Transgender Homeless Seek Safety

Print More

The city’s homeless department has long had a delicate problem: where and how to house transgender clients. Now, after a public forum on the issue held in the fall, it seems the transgender community is divided over how exactly to solve it.

Most agree the current system isn’t working. Crowded into a large room at the Lesbian, Gay, Bisexual & Transgender Community Center, some panelists and audience members blasted the Department of Homeless Services (DHS) for placing transgender clients in shelters according to birth gender rather than gender identity. The result, they say, is often a scary and degrading experience.

“My main issue was safety,” said Stella Salazar, a transgender veteran of city shelters. “I had to reject a lot of sexual advances.” The shelters can be particularly menacing for transgender women, who are routinely placed in all-male facilities like the 954-bed Wards Island shelter.

Lourdes Hunter, a transgender woman who spent 21 months in the city’s shelter system, agreed. She pointed out that the problem goes beyond other residents–staff can be insensitive as well. “A lot of transgender kids are afraid of the shelters, so they turn to the streets,” she says.

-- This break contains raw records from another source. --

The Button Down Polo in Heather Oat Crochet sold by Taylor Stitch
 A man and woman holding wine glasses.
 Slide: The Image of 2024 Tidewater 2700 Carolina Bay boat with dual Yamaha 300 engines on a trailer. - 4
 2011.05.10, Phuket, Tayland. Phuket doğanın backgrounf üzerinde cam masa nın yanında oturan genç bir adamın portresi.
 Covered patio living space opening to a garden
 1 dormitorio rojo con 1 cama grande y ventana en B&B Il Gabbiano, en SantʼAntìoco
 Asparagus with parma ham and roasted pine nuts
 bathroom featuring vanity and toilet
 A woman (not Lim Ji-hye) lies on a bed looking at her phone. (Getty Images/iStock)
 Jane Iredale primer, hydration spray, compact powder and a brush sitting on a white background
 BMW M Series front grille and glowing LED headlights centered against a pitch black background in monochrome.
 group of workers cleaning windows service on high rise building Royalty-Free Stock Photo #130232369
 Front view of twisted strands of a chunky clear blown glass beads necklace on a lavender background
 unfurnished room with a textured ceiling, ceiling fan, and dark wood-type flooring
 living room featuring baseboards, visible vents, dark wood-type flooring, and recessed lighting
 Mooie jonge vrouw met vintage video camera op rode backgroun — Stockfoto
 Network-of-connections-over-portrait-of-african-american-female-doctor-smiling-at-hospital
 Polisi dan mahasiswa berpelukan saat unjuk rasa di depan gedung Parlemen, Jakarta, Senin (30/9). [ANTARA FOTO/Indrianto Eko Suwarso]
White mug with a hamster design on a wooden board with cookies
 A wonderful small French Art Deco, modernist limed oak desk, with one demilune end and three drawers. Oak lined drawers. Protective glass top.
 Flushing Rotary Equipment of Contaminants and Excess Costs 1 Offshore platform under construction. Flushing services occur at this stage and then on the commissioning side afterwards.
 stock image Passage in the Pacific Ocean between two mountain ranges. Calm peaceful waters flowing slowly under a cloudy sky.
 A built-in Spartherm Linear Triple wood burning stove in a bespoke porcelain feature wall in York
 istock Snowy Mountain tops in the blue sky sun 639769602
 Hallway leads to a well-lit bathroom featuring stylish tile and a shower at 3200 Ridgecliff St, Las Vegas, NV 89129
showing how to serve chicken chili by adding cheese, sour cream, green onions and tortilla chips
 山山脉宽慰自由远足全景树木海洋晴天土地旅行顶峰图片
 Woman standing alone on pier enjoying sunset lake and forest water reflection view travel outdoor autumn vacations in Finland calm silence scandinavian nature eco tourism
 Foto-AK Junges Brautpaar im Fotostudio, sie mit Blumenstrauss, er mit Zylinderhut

Still, the solution isn’t especially clear. Some transgender clients would like separate shelters. “There should be a place where they feel safe, a place of tolerance and respect,” says Salazar. Such shelters would also create job opportunities for transgender people, she adds, who tend to have a difficult time finding work.

Others feel strongly that transgender homeless shouldn’t be singled out. “They shouldn’t be separated from society, it just pushes the issue back,” says Monica Forrester, a transgender woman who spent years homeless in Toronto, frequently sleeping in stairwells.

“The question of a trans-specific shelter is something we’ll have to hash out,” says Joseph DeFilippis, a spokesperson for Queers for Economic Justice, one of six groups that sponsored the forum as part of an ongoing series of talks with DHS. “The city has met with us and responded to the idea of having a trans-specific shelter,” he says. “We need to figure out how we feel about it.”

Until then, advocates agree that clients should be classified by how they self-identify rather than by birth gender. “DHS should make sure this population has a range of options,” says Jennifer Flynn, director of the New York City AIDS Housing Network. “But none of this will happen until DHS first acknowledges that it’s an issue.”

DHS spokesperson Jim Anderson said his agency is well aware of the problem and has been meeting with community advocates to strike the right balance between privacy and protection. “We’re all concerned about access issues for homeless transgender New Yorkers,” he said. “And finding ways to make the system as responsive as possible.”